Kabag Pemberitaan KPK, Alif Fikri mengatakan alasan sikap optimistis itu berasal dari dalil yang diajukan Eddy sama dengan perkara yang telah ditangani KPK dan telah ditolak oleh hakim.
"Iya tentu kami optimistis permohonan tersebut akan ditolak hakim," ujar Ali kepada wartawan, Selasa (30/1/2024).
Lebih lanjut, Ali juga menuturkan bahwa pihaknya telah melakukan proses penyidikan hingga menetapkan Eddy sebagai tersangka dalam kasus dugaan suap sesuai aturan hukum yang berlaku.
"Jadi memang tidak ada alasan baru dari para pemohon praperadilan sehingga hampir semuanya ditolak hakim," pungkasnya.
Sebagai informasi, PN Jaksel bakal menggelar sidang putusan gugatan praperadilan Eddy Hiariej pada hari ini Selasa (30/1/2024) sore.
Baca Juga
Diberitakan sebelumnya, KPK menetapkan Eddy Hiariej, Yogi Arie Rukmana, Yosie Andika Mulyadi, serta Helmut Hermawan sebagai tersangka kasus suap.
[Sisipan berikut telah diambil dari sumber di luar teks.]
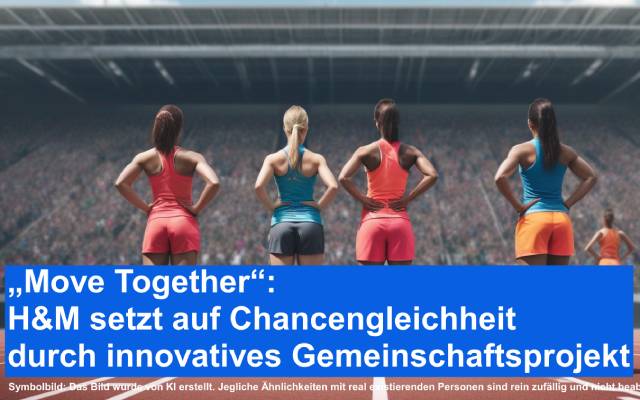 „Move Together“: H&M setzt auf Chancengleichheit durch innovatives Gemeinschaftsprojekt
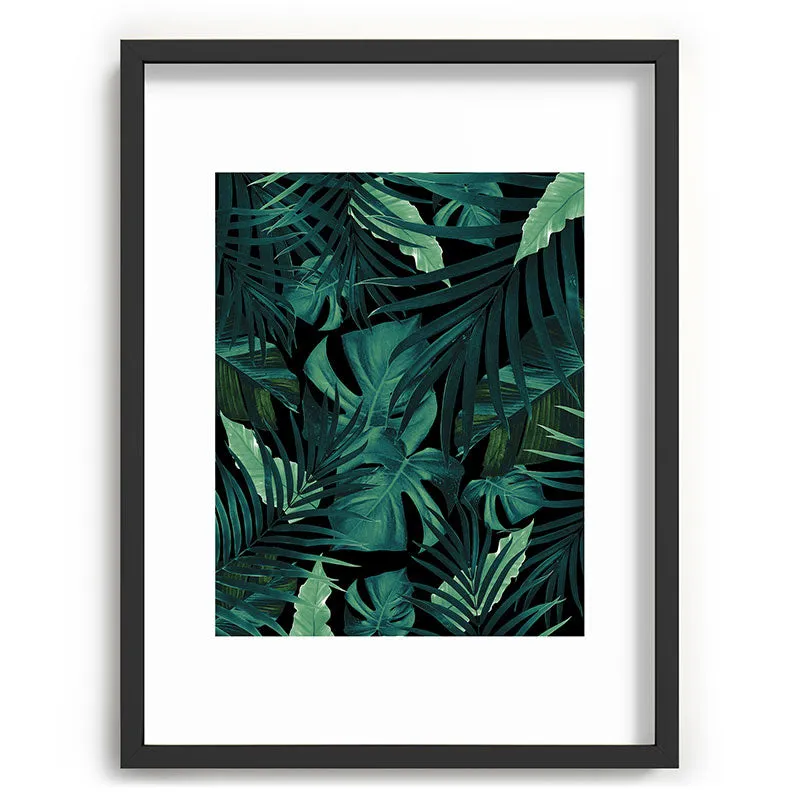 Tropical Jungle Night 1 Recessed Framing Rectangle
Eddy juga diduga menerima gratifikasi miliaran rupiah.
KPK menduga Eddy menerima suap Rp4 miliar terkait dengan pemberian bantuan konsultasi hukum mengenai administrasi hukum umum untuk PT CLM. Perusahaan itu bergerak di bidang pertambangan bijih nikel di Luwu Timur yang pada 2019 hingga 2022 mengalami perselisihan secara internal.
Uang suap itu diduga diberikan oleh Helmut melalui transfer rekening asisten pribadi Eddy Hiariej yakni Yogi Arie Rukmana, dan advokat Yosie Andika Mulyadi.
Selain konsultasi administrasi hukum umum PT CLM, Eddy turut diduga membantu Helmut untuk membuka blokir hasil Rapat Umum Pemegang Saham (RUPS) perusahaan tersebut pada Sistem Administrasi Bantuan Hukum (SABH).
Di luar pengurusan administrasi bantuan hukum PT CLM, profesor di bidang hukum itu diduga berjanji untuk menghentikan penyidikan terhadap Helmut di Bareskrim Polri melalui surat perintah penghentian penyidikan atau SP3, dengan penyerahan uang sekitar Rp3 miliar.
Tidak hanya itu, Helmut diduga memberikan uang senilai Rp1 miliar kepada Eddy untuk pencalonan sebagai Ketua Pengurus Pusat Persatuan Tenis Seluruh Indonesia (PP Pelti). Dengan demikian, KPK menduga sejauh ini terdapat total Rp8 miliar aliran dana yang diterima Eddy.